### What this task involves
In the listing beneath this line, copy exactly the lines starting with the one containing "full bathroom with" and going on through the one containing "A cozy cabin".

### Material shown
--- START ---
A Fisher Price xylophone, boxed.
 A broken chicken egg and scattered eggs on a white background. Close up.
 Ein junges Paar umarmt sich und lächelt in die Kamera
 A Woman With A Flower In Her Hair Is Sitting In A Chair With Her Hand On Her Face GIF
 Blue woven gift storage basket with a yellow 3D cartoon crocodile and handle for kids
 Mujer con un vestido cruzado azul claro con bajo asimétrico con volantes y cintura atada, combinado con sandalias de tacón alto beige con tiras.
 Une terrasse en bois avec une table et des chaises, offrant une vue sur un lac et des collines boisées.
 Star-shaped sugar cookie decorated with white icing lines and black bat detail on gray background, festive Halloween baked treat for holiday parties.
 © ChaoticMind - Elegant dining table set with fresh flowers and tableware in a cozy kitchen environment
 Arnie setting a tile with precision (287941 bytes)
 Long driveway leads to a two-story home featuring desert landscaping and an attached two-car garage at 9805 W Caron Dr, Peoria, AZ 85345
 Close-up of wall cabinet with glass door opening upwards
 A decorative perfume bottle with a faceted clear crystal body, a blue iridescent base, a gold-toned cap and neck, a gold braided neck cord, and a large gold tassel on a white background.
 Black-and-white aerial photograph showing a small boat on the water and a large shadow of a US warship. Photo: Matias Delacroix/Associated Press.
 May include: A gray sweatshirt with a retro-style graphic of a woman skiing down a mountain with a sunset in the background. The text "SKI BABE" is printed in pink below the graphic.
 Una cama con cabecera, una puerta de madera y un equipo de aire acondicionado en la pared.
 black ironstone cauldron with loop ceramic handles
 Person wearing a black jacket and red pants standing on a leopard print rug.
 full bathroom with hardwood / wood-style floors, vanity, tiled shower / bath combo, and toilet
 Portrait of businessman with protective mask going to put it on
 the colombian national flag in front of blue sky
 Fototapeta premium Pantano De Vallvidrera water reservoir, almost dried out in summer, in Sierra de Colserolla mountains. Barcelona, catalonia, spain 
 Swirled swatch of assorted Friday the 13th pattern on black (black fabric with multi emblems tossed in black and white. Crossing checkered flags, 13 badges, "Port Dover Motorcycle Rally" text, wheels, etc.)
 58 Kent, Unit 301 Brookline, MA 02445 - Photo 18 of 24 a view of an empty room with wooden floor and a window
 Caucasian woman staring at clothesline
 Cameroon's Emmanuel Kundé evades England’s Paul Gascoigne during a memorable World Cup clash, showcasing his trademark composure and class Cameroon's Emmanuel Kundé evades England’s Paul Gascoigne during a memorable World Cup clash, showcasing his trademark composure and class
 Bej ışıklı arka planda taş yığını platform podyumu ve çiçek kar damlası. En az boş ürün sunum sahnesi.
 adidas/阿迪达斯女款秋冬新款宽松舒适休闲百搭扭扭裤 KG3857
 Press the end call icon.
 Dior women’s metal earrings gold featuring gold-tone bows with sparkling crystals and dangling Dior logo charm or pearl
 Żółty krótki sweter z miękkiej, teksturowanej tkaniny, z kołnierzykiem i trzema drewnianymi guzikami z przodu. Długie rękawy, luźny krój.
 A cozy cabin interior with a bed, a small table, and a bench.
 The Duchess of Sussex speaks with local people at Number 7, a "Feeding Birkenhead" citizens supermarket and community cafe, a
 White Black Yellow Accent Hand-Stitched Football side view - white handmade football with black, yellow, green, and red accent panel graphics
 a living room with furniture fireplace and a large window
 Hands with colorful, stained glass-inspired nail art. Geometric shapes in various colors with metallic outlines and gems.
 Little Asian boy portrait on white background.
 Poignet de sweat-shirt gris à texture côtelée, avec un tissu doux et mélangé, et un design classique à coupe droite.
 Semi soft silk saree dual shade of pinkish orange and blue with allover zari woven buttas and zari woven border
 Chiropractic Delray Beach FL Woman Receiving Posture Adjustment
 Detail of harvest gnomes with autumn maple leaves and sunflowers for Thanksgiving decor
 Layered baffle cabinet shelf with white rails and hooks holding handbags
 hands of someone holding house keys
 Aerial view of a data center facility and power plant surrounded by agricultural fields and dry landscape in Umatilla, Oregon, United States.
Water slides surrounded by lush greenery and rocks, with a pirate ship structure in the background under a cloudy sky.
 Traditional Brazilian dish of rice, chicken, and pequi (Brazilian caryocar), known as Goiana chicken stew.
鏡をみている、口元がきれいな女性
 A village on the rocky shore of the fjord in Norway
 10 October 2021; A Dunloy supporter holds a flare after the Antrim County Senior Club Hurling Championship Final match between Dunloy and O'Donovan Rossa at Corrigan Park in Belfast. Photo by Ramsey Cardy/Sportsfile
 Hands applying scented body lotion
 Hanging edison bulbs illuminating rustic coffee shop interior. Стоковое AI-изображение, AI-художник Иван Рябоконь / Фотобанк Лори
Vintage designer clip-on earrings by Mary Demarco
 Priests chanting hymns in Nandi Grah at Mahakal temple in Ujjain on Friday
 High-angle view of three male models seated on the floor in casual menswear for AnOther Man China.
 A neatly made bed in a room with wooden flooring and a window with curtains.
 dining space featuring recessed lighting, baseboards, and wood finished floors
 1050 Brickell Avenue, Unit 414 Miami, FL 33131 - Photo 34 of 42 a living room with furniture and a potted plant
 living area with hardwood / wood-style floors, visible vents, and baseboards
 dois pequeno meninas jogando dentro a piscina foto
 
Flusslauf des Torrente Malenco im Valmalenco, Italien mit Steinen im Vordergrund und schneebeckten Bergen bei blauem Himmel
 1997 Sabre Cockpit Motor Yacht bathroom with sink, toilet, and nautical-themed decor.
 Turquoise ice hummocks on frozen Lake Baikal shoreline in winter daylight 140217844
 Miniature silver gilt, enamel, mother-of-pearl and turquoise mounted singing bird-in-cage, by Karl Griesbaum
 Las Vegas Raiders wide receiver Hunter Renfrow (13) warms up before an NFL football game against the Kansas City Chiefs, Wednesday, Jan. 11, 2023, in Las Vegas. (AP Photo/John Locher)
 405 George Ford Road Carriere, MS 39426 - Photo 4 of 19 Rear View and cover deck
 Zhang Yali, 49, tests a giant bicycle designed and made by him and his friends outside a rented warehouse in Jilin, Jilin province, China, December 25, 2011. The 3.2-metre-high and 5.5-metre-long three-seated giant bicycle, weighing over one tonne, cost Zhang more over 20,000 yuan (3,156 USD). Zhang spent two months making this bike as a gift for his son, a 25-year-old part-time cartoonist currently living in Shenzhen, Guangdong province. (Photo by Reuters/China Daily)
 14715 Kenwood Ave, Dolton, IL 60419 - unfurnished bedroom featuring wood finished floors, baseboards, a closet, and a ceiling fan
--- END ---
### Written answer
 full bathroom with hardwood / wood-style floors, vanity, tiled shower / bath combo, and toilet
 Portrait of businessman with protective mask going to put it on
 the colombian national flag in front of blue sky
 Fototapeta premium Pantano De Vallvidrera water reservoir, almost dried out in summer, in Sierra de Colserolla mountains. Barcelona, catalonia, spain 
 Swirled swatch of assorted Friday the 13th pattern on black (black fabric with multi emblems tossed in black and white. Crossing checkered flags, 13 badges, "Port Dover Motorcycle Rally" text, wheels, etc.)
 58 Kent, Unit 301 Brookline, MA 02445 - Photo 18 of 24 a view of an empty room with wooden floor and a window
 Caucasian woman staring at clothesline
 Cameroon's Emmanuel Kundé evades England’s Paul Gascoigne during a memorable World Cup clash, showcasing his trademark composure and class Cameroon's Emmanuel Kundé evades England’s Paul Gascoigne during a memorable World Cup clash, showcasing his trademark composure and class
 Bej ışıklı arka planda taş yığını platform podyumu ve çiçek kar damlası. En az boş ürün sunum sahnesi.
 adidas/阿迪达斯女款秋冬新款宽松舒适休闲百搭扭扭裤 KG3857
 Press the end call icon.
 Dior women’s metal earrings gold featuring gold-tone bows with sparkling crystals and dangling Dior logo charm or pearl
 Żółty krótki sweter z miękkiej, teksturowanej tkaniny, z kołnierzykiem i trzema drewnianymi guzikami z przodu. Długie rękawy, luźny krój.
 A cozy cabin interior with a bed, a small table, and a bench.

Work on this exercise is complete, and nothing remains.